Interrogating openness

Open data and qualitative research

Aug 03, 2022

As a qualitative researcher, I’ve observed developments around open science and open data with interest, but also with some vague sense of … caution. Sometimes, particularly when discussing open science with its advocates, that caution has taken on the form of more explicit concerns. I’d like to explore some of those concerns here.

In the context of contemporary scientific discourse, the preferred meaning of ‘open-ness’ has settled on some very specific qualities. In the interests of considering how and where the movement for open-ness might be relevant for qualitative research, it seems sensible to begin by considering what is meant by open-ness, and also what is excluded.

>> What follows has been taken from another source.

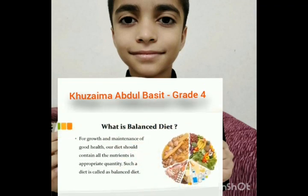What is balanced diet? For growth and maintenance of good health, our diet should contain all nutrients in appropriate quantity. Such a diet is called a balanced diet.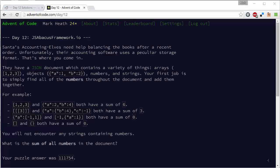Hi guys, Mark here again and today we're going to be solving the Day 12 challenge in the Advent of Code series.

Firstly then, open-ness is good, right? It’s a universal assumption in this discourse that this is the case. There are certainly lots of everyday examples of open-ness as good: open arms, open hearts, open minds, open borders. We can – and should – consider alternative formulations: a mineshaft, disused and left open is not good; open access to distressing material and imagery is not good; a kindergarten which is open to any random visitor is not good; an open wound is not good. So we should at the outset be mindful of simply assuming that open-ness is always good. Some things call for us to be responsible and protective, too.

There is a secondary assumption associated with this, which is, I think more nuanced, and this is the idea that the alternative to open-ness is closure. I think many formulations and practices within the open science movement itself do show an understanding that open-ness might sometimes be a matter of degree. One problem for qualitative researchers, however, is that some gatekeepers (funders, journal editors and reviewers) can be over-zealous and may not always enact their roles with these nuances in mind. So it is important to consider that between open-ness and closure, there are also varying kinds of permeability, varying degrees of transparency, and varying forms of guardianship. How do we articulate these clearly, and which positions are relevant to qualitative research?

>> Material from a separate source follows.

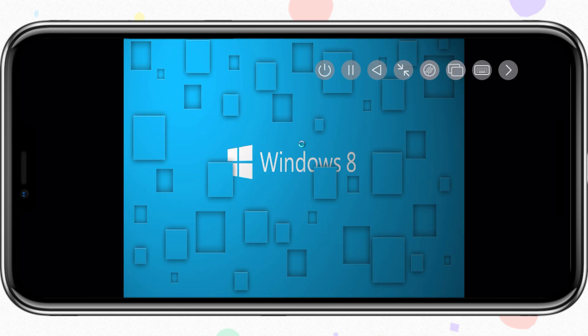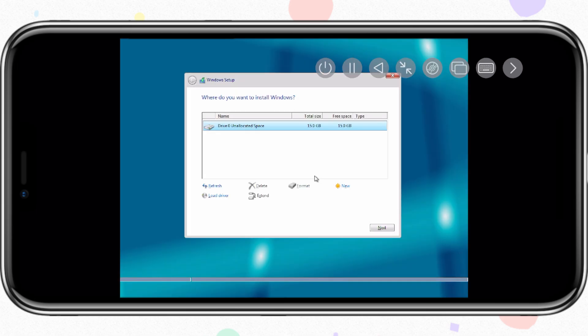Just to remind you that it took me almost 3 hours just to install Windows 8 on the iPhone 12 Pro. So when you are installing Windows in UTM SE, just remember it will take some time to install.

I think it’s also worth noticing the visual metaphors which underpin this commitment to open-ness: transparency looms large here. There are other ways of thinking about how open-ness might be mobilised: the opportunity to be involved and engaged in the primary research as a citizen collaborator, for example, or the ease with research can be accessed and understood. Some of these alternatives are fellow travellers with open-science (open access publication, for example) and some are not (it seems that science is still largely for experts, in this discourse). When we ‘see through’ the transparency that is sought by open science, what are we looking at? Largely, we are looking at data. This is important because being able to see data is also held to be a good thing, meaningful in their own terms, and potentially valuable for both replication and secondary analysis. It’s also important because of what we are not looking at, and what we are not looking at is any sort of robust response to the problem of reflexivity.

Whether one prioritises problems of replication, or problems of reflexivity, is contingent largely on one’s epistemological commitments. Qualitative researchers have long been concerned with striving for open practices of their own, to engage with the problem of reflexivity. However, qualitative research has never been in a position of power which has enabled such practices to be required of quantitative researchers. Indeed, in very few publication and conference spaces are qualitative researchers even in a position to include those open practices in their presented work: it is a commonplace that reflexive work is done in the thesis, or in ‘the process,’ but reduced to a minimum in the ‘output.’ When we ‘see through’ via a reflexive lens, we are not looking at data: we are looking at the researchers, and we are looking at the context and practice of knowledge production itself.

Replication and Science

The problem of replication is simply that confidence in science is undermined if procedures of design and analysis can be distorted by errors, or by malpractice, within a research team. Allowing others to scrutinise data and repeat analyses, independently of the primary research team, is therefore held to solve this problem. So far, so good – if science is what you’re doing, and if we can all agree what that means (more on that later).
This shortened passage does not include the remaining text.